→ Exercise requirements
Give the whole listing below once more, exactly, without pictures.

→ Dataset excerpts
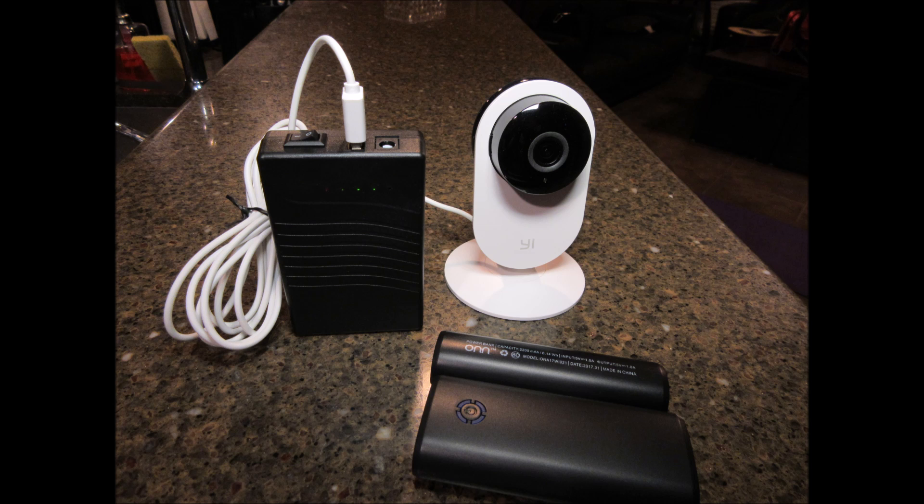Hello guys, Lifehackster here. This is the second part of the video that I made last week and today I'll talk about battery options for your Yi home cameras.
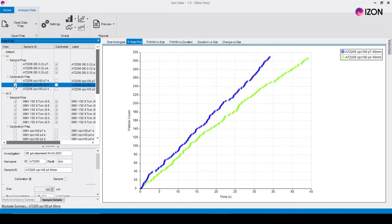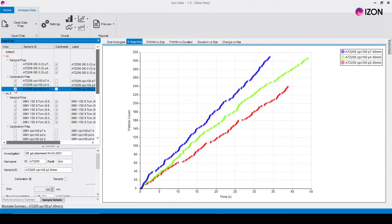If the particle rates are the same at all three pressures then the concentration calculation will not be accurate and that measurement will need to be repeated.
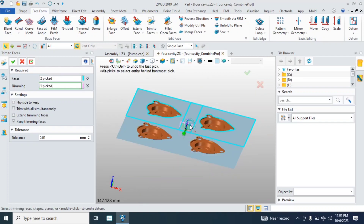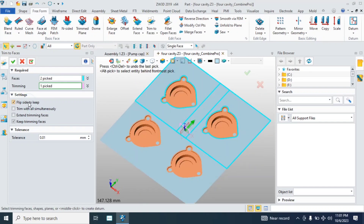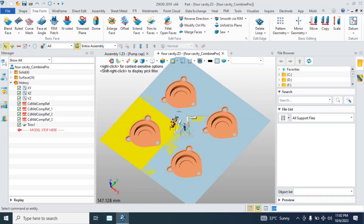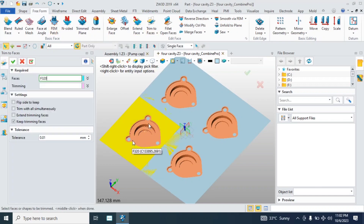The mold is designed as a runner, and the mold is designed as a 10-cavity.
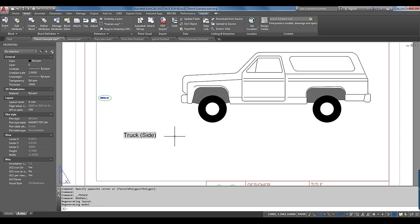There's a lot more to fields. We can embed them in a table, display system variable values like pick style or the DWG name — very cool stuff. With that, we'll go to Q&A.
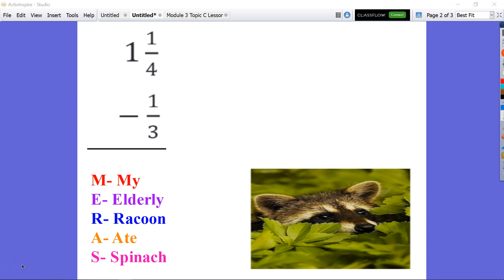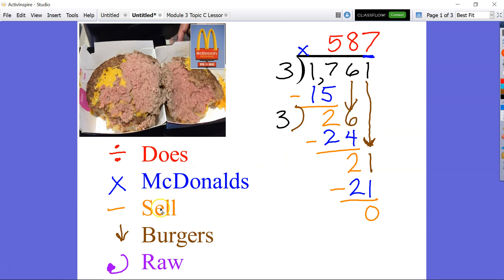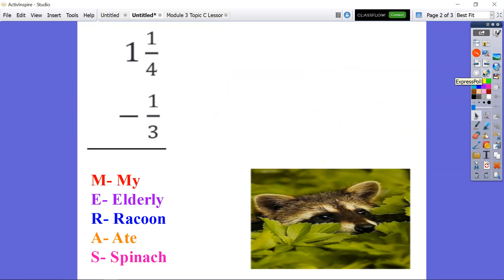Welcome back. We are looking at Module 3, Lesson 6: Subtracting Fractions with Regrouping. But before we look at that, I want to jump back to Module 2 and talk about the acronym we had for our standard algorithm for division — 'Does McDonald's Sell Burgers Wrong' — where D stands for division, M for multiplication, S for subtraction, B for bring down, and R for repeat. Similar to that, we have another acronym to help us with subtraction of fractions when we need to regroup or rename our whole number.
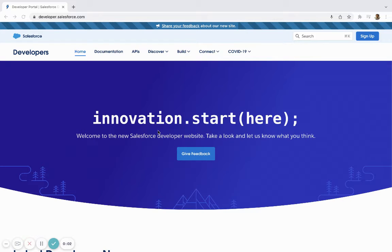All right. So in this video, I'm going to be showing you how to create a Salesforce developer account.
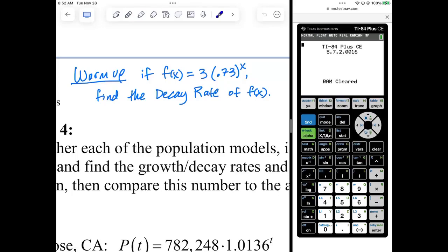The warm-up says to find the decay rate for f of x, if f of x is equal to 3 times 0.73 to the x. First of all, we know it's going to be decay because the base is less than 1. And what is the base? 0.73.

→ Result
Hello guys, Lifehackster here. This is the second part of the video that I made last week and today I'll talk about battery options for your Yi home cameras.
If the particle rates are the same at all three pressures then the concentration calculation will not be accurate and that measurement will need to be repeated.
The mold is designed as a runner, and the mold is designed as a 10-cavity.
There's a lot more to fields. We can embed them in a table, display system variable values like pick style or the DWG name — very cool stuff. With that, we'll go to Q&A.
Welcome back. We are looking at Module 3, Lesson 6: Subtracting Fractions with Regrouping. But before we look at that, I want to jump back to Module 2 and talk about the acronym we had for our standard algorithm for division — 'Does McDonald's Sell Burgers Wrong' — where D stands for division, M for multiplication, S for subtraction, B for bring down, and R for repeat. Similar to that, we have another acronym to help us with subtraction of fractions when we need to regroup or rename our whole number.
All right. So in this video, I'm going to be showing you how to create a Salesforce developer account.
The warm-up says to find the decay rate for f of x, if f of x is equal to 3 times 0.73 to the x. First of all, we know it's going to be decay because the base is less than 1. And what is the base? 0.73.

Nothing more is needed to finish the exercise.